Powinna Pani ubiegać się o....jakiekolwiek, tj. stwierdzające przynajmniej właśnie 'zakończenie leczenia' i mieć nadzieję, że je uzyska, a jeśli nie- to że lekarz MP nie będzie go wymagał. Dlaczego ? Bo nie ma regulacji jasno takiego zaświadczenia wymagającego tj. podstawy Pani żądania wobec swego lekarza prowadzącego, potem takiego żądania pracodawcy od Pani, zanim skieruje na badania kontrolne, a w końcu lekarza MP od Pani.
I zdarzają się sytuacje błędnego koła, gdy jeden nie wydaje, a drugi żąda.

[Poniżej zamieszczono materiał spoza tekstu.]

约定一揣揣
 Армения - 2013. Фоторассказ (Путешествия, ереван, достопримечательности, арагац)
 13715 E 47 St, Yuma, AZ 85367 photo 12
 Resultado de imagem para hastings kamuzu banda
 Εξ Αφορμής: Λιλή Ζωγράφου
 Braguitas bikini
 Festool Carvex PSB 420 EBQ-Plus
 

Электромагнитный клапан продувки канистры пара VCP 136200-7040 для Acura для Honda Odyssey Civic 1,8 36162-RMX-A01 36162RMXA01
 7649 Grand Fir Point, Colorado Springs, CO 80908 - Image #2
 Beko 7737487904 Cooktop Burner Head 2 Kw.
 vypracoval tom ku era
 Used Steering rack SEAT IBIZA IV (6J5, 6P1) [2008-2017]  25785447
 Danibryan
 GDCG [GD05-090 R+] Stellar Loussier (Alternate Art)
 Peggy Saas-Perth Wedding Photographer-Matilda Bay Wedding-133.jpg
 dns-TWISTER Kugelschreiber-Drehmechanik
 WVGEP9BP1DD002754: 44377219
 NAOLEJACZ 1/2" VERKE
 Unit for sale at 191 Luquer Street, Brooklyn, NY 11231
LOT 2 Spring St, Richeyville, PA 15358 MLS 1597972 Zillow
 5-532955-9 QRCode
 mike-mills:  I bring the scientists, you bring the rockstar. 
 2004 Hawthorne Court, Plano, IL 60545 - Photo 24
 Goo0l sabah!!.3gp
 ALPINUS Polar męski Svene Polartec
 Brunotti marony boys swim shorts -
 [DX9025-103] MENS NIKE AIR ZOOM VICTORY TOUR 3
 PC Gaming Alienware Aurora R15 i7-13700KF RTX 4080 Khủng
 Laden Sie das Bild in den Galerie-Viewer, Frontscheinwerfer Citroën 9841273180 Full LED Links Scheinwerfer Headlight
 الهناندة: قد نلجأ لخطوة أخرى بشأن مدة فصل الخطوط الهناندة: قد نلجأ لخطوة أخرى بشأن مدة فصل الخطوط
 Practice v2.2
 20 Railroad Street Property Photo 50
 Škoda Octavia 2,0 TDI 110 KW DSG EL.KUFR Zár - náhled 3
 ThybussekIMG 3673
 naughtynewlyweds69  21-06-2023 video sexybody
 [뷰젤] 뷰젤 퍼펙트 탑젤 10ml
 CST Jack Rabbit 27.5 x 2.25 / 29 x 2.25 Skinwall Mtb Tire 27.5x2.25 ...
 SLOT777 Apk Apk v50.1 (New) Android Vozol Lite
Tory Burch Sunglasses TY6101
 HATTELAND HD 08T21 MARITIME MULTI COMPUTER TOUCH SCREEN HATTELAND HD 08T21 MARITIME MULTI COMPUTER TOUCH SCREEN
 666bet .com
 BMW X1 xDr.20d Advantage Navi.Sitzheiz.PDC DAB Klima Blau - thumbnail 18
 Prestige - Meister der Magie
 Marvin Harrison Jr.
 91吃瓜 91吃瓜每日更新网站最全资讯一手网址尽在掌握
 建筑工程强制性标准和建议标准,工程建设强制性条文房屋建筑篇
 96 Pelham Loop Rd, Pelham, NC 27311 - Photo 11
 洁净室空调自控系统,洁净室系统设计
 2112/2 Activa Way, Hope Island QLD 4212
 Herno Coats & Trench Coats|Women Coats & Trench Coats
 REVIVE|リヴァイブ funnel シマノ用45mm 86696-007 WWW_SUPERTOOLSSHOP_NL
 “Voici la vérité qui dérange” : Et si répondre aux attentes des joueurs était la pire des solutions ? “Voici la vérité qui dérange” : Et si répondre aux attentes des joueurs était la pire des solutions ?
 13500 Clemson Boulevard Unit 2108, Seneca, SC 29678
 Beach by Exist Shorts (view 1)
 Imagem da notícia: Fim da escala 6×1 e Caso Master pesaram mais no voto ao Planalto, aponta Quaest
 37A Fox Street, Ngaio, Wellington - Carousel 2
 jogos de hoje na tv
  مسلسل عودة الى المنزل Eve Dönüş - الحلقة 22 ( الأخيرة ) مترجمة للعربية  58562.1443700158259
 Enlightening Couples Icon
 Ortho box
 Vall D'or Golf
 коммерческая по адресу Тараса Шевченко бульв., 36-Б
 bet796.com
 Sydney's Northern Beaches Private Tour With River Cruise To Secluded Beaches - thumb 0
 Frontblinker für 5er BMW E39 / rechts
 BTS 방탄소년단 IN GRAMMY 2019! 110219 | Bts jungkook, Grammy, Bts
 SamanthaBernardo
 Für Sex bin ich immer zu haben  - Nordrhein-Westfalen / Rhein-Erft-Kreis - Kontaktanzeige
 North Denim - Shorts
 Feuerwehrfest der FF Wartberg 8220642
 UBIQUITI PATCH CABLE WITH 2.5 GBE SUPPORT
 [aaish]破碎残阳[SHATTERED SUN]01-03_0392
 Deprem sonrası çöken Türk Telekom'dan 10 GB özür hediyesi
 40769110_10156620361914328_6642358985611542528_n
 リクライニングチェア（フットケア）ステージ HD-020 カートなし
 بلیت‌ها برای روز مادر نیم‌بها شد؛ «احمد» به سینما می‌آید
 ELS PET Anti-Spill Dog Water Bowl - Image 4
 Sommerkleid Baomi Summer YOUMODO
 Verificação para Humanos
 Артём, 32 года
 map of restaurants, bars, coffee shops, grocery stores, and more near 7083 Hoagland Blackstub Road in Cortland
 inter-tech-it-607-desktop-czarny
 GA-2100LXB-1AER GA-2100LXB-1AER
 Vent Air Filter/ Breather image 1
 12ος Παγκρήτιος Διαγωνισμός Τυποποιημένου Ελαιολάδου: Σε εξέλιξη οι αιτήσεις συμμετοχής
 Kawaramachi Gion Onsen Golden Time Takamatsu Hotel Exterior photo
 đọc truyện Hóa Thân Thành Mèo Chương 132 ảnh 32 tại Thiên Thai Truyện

Zakończenie leczenia oznacza zakończenie procedur związanych z ostatnio orzeczoną czasową niezdolnością do pracy, a nie zupełnym uleczeniem. Lekarz MP też z kolei nie wydaje zaświadczenia o uniwersalnej zdolności do pracy, ale o braku przeciwwskazań do pracy na konkretnym stanowisku/ w określonym rodzaju pracy.
Oczywiście ideałem byłoby zaświadczenie o zakończeniu leczenia i powrocie do stabilnego stanu zdrowia sprzed ostatni stwierdzonego zaostrzenia/remisji itp.
Tak naprawdę bardziej chodzi o "kwit", który zapobiega "niewygodnej" sytuacji, gdy LMP wydaje zaświadczenie pozytywnie dopuszczające do pracy komuś, kto nadal formalnie jest jeszcze na ZLA.